Required work ▸ Will you transcribe all the entries word for word, skipping the pictures they hold?

Brief descriptive captions
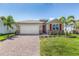 One-story home with a two-car garage and attractive landscaping at 1281 Cobble Glen Dr, Port Charlotte, FL 33953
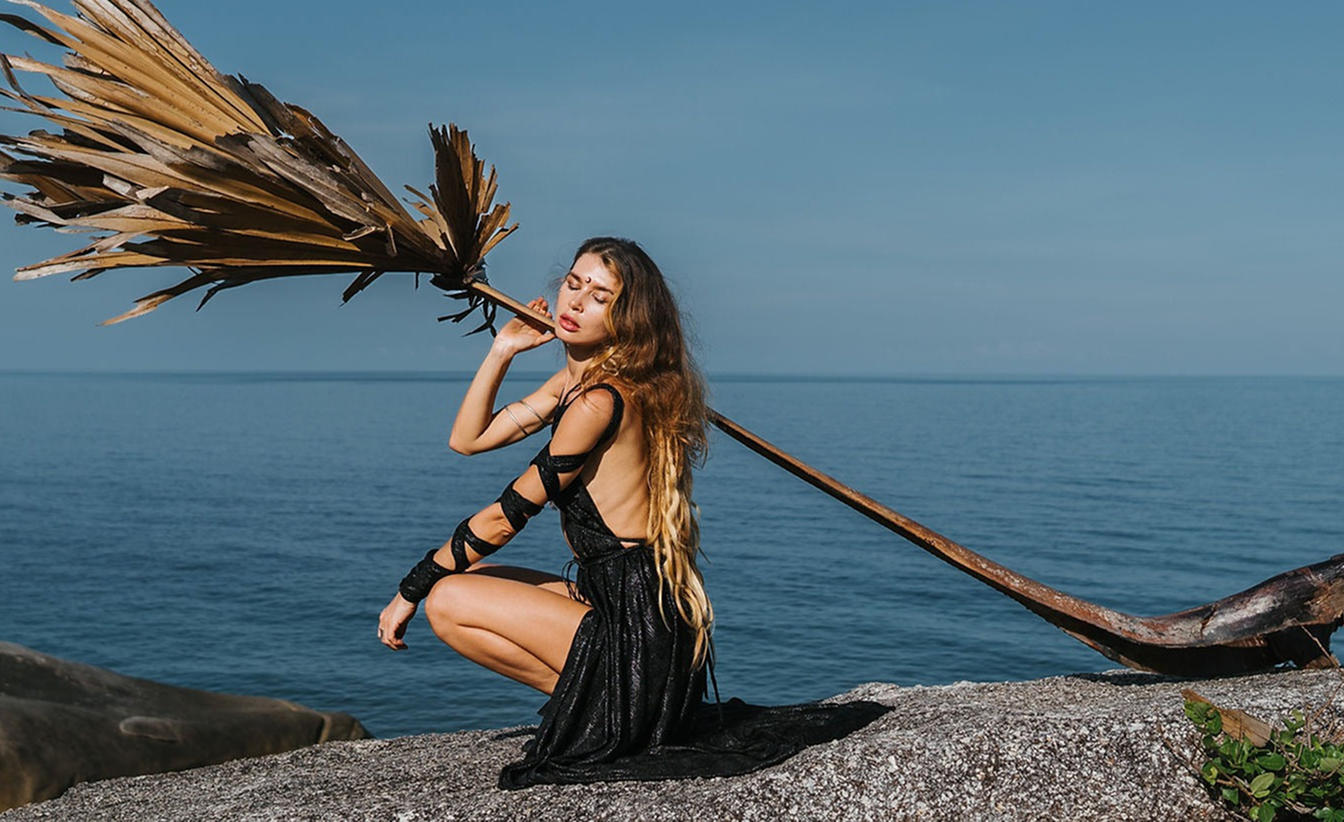Woman on the beach with a broom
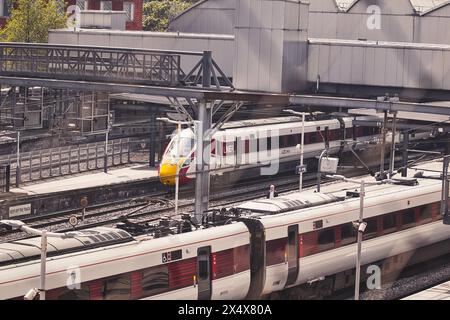 Vue aérienne d'une gare moderne avec plusieurs trains, mettant en valeur un centre de transport urbain très fréquenté. Banque D'Images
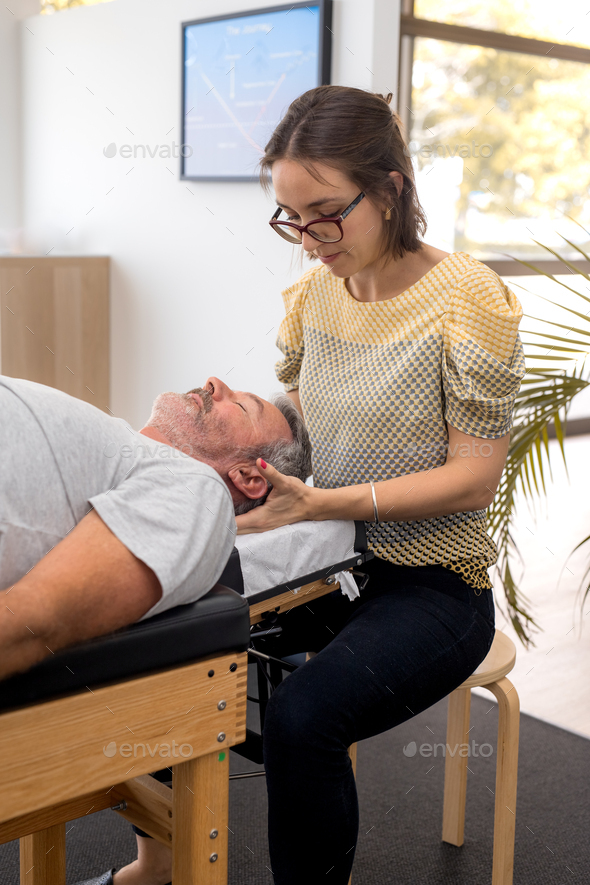 Senior man having chiropractic adjustment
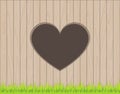 Wooden fence background with heart shape hole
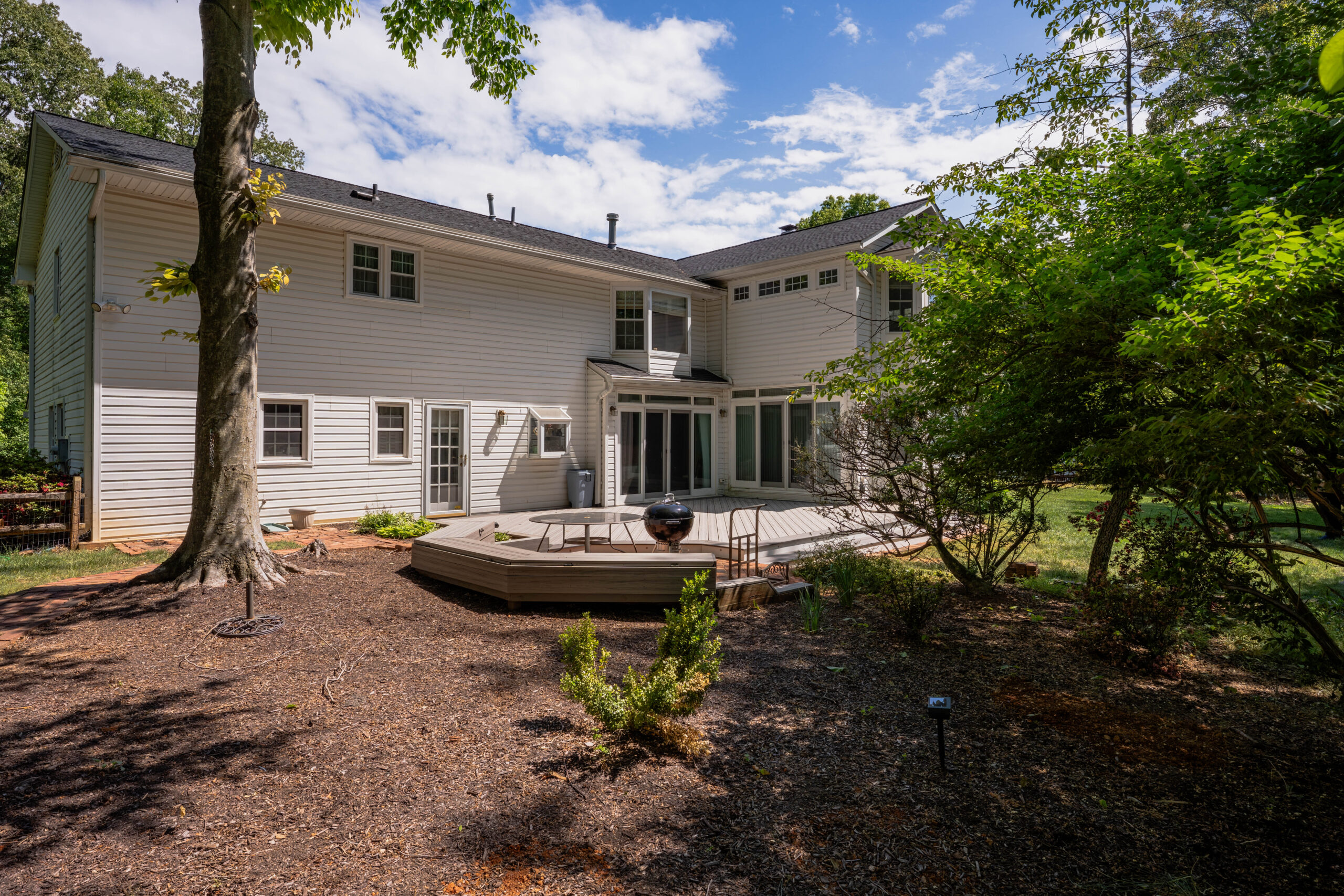 Composite deck and tiered bench seating set among mature trees in a wooded Vienna, VA backyard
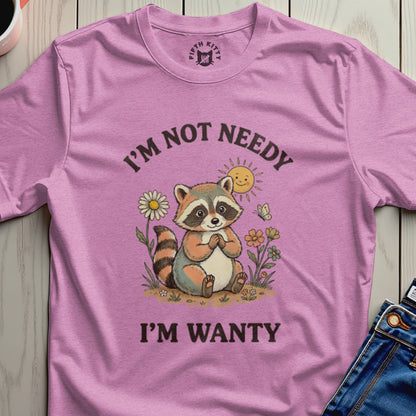 Pink t-shirt with raccoon and sun graphic, "I'm Not Needy I'm Wanty" text.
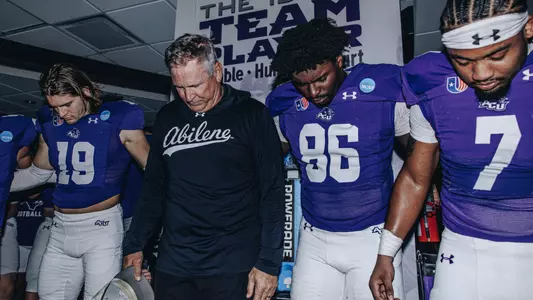 ACU head coach Keith Patterson prays in the locker room with Zack Haaland, Chidubem Lebechi and TJ Marshall after a win over Lamar on November 29, 2025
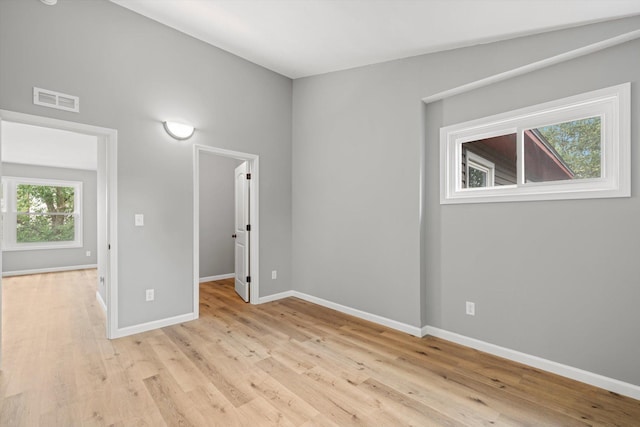 spare room with light hardwood / wood-style flooring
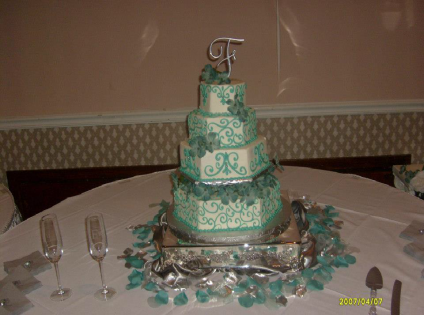 Tiered white-and-teal wedding cake on a decorated table with champagne flutes and silver accents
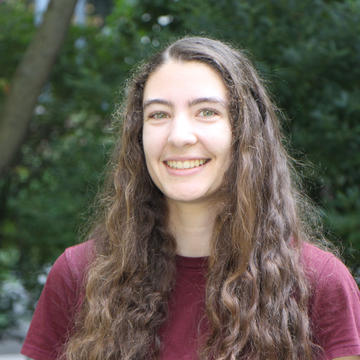maya waarts smiling.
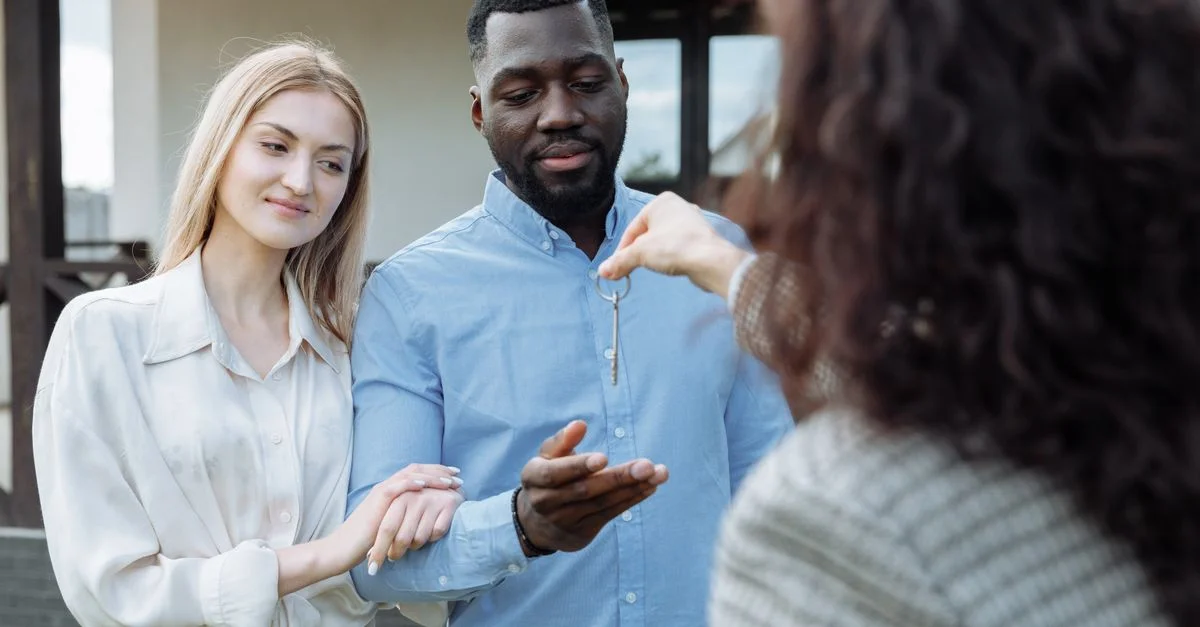 Un couple heureux recevant les clés de leur nouvelle maison de la part de l'agent immobilier en plein air.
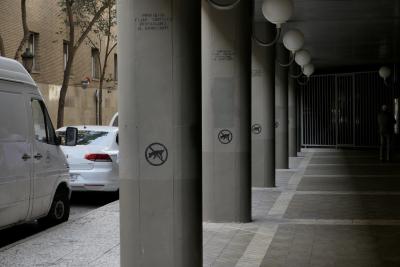 photograph “III.2023” par David Farreny — www.farreny.net — Espagne, España, Spain, Aragon, Aragón, Saragosse, Zaragoza, Caesaraugusta, ville, city, rue, street, voitures, cars, arbres, trees, bâtiment, immeuble, building, béton, concrete, piliers, pillars, colonnes, columns, fenêtres, windows, lampes, lamps, grille, fence, métal, metal, rétroviseur, mirror, miroir, tronc, trunks, feuillage, foliage, trottoir, pavement, inscription, message, prohibido fijar carteles, interdiction de coller des affiches, forbidden to stick posters, responsable el anunciante, l'annonceur est responsable, the advertiser is responsible, passing, passer-by, piéton, pedestrian, homme, man, brique, brick, logo, symbole, symbol, chien, dog, interdit, forbidden
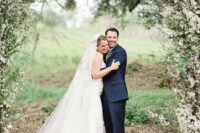 33 a romantic spring garden wedding arch covered with greenery and blooming branches looks fabulous and screams blooming and love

Completed exercise ▸
 One-story home with a two-car garage and attractive landscaping at 1281 Cobble Glen Dr, Port Charlotte, FL 33953
Woman on the beach with a broom
 Vue aérienne d'une gare moderne avec plusieurs trains, mettant en valeur un centre de transport urbain très fréquenté. Banque D'Images
 Senior man having chiropractic adjustment
 Wooden fence background with heart shape hole
 Composite deck and tiered bench seating set among mature trees in a wooded Vienna, VA backyard
 Pink t-shirt with raccoon and sun graphic, "I'm Not Needy I'm Wanty" text.
 ACU head coach Keith Patterson prays in the locker room with Zack Haaland, Chidubem Lebechi and TJ Marshall after a win over Lamar on November 29, 2025
 spare room with light hardwood / wood-style flooring
 Tiered white-and-teal wedding cake on a decorated table with champagne flutes and silver accents
maya waarts smiling.
 Un couple heureux recevant les clés de leur nouvelle maison de la part de l'agent immobilier en plein air.
 photograph “III.2023” par David Farreny — www.farreny.net — Espagne, España, Spain, Aragon, Aragón, Saragosse, Zaragoza, Caesaraugusta, ville, city, rue, street, voitures, cars, arbres, trees, bâtiment, immeuble, building, béton, concrete, piliers, pillars, colonnes, columns, fenêtres, windows, lampes, lamps, grille, fence, métal, metal, rétroviseur, mirror, miroir, tronc, trunks, feuillage, foliage, trottoir, pavement, inscription, message, prohibido fijar carteles, interdiction de coller des affiches, forbidden to stick posters, responsable el anunciante, l'annonceur est responsable, the advertiser is responsible, passing, passer-by, piéton, pedestrian, homme, man, brique, brick, logo, symbole, symbol, chien, dog, interdit, forbidden
 33 a romantic spring garden wedding arch covered with greenery and blooming branches looks fabulous and screams blooming and love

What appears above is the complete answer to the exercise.